This work provides quantitative evidence that CoT reasoning quality and classification accuracy are modulated along different axes by prompt structure; LLMs can be accurate but non-explainable, and vice versa. Explicit prompt controls serve as deterministic inductive biases, enforcing procedural and evidential transparency as required by human-centered XAI paradigms. The large performance gap in explanation quality between structured and unstructured prompting in smaller models suggests a high prompt-sensitivity regime, with practical implications for LLM deployment under significant resource constraints.

Future Directions

The generalization of this method to broader classes of security analytics, such as intrusion detection, threat attribution, and malware forensics, is a clear extension.
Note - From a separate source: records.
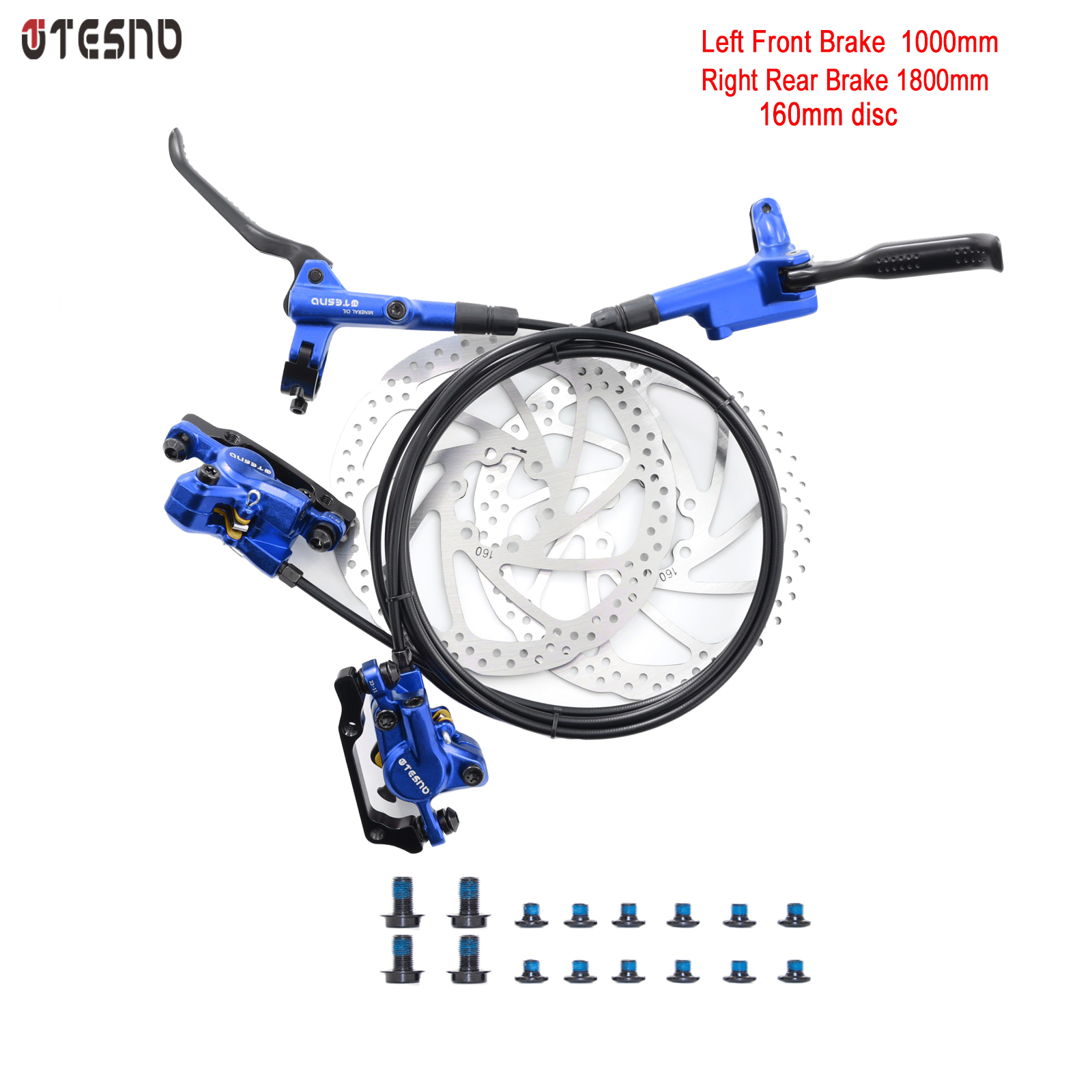 TESNO-freno de disco hidráulico para bicicleta de montaña, piezas de 2 pistones, accesorios de bicicleta, pinza de Rotor de 160mm, juego de frenos de aceite delanteros y traseros de 1000mm y 1800mm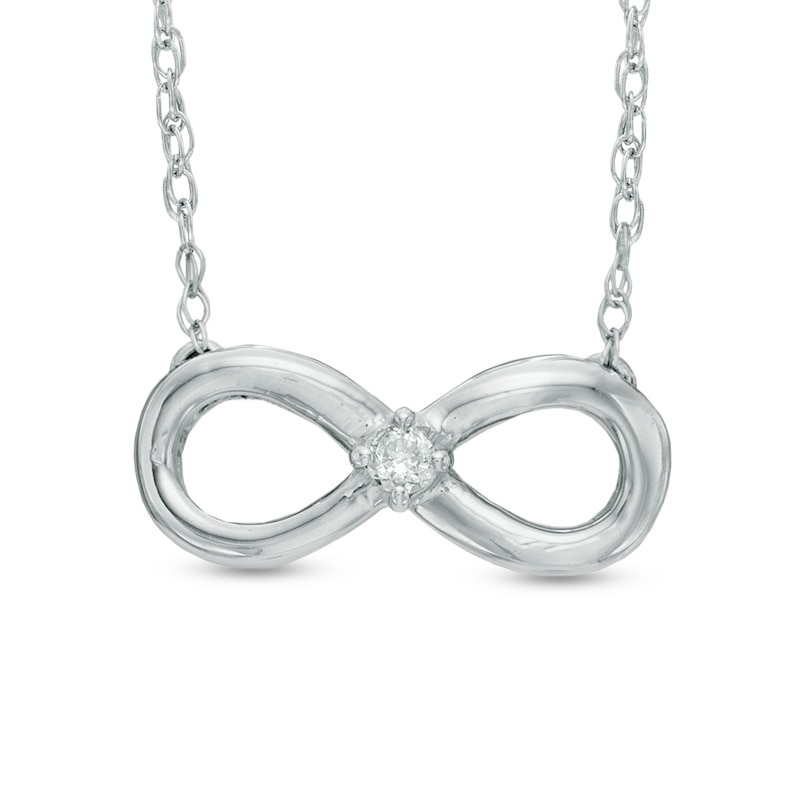 Main Image 1 of Diamond Accent Solitaire Sideways Infinity Necklace in 10K White Gold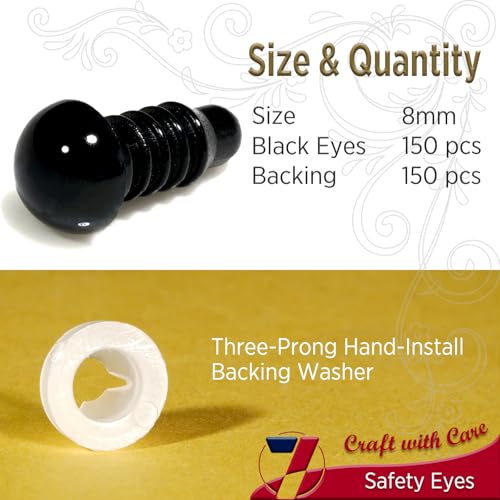 SEVENSUN 8mm Safety Eyes for Crocheting, 300pcs Black Crochet Eyes for Crochet Animals, amigurumi Eyes for Crafts, Craft Doll Eyes for amigurumi Stuffed Animals Eyes - size: 8mm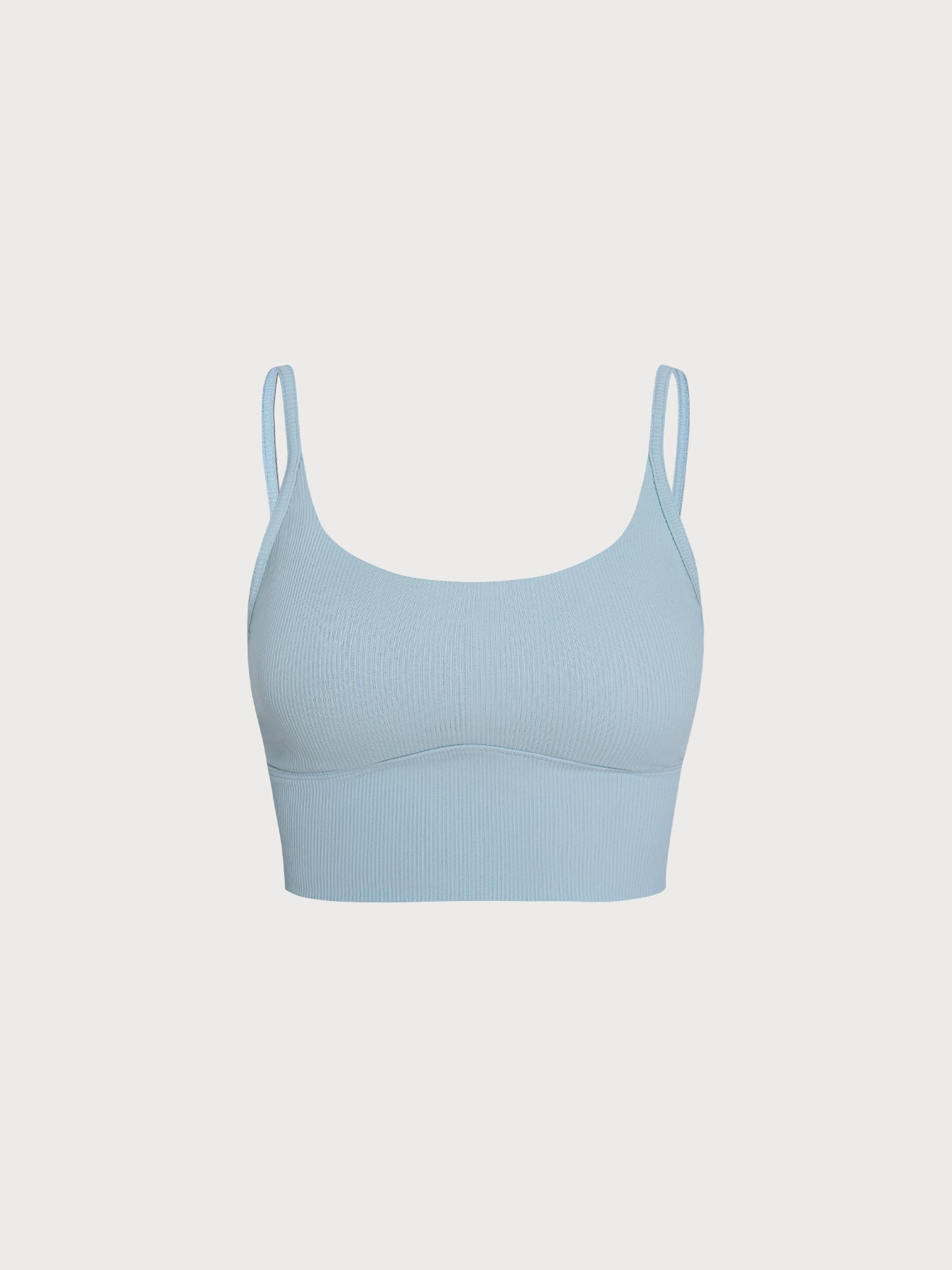 Light Blue Ribbed Square Neck Sports Cami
Parameterizing prompt controls by LLM capabilities or employing adaptively structured prompts could further optimize the trade-off between overhead and effectiveness. Integrating real-time uncertainty quantification to further constrain hallucination or enabling automated, data-driven prompt adaptation are potential research frontiers.

Conclusion

This paper provides a rigorous account of how structured prompt engineering can systematically improve not only the detection performance but also the integrity and traceability of chain-of-thought reasoning in LLM-supported security analysis. The findings indicate a significant separation between raw accuracy and explanation quality, especially in local models, and establish structured prompting as a primary tool for controlling explanation reliability without the computational expense of model tuning. Such explicit prompt frameworks are poised to become standard practice in the deployment of LLMs for explainable and trustworthy AI in security-critical applications.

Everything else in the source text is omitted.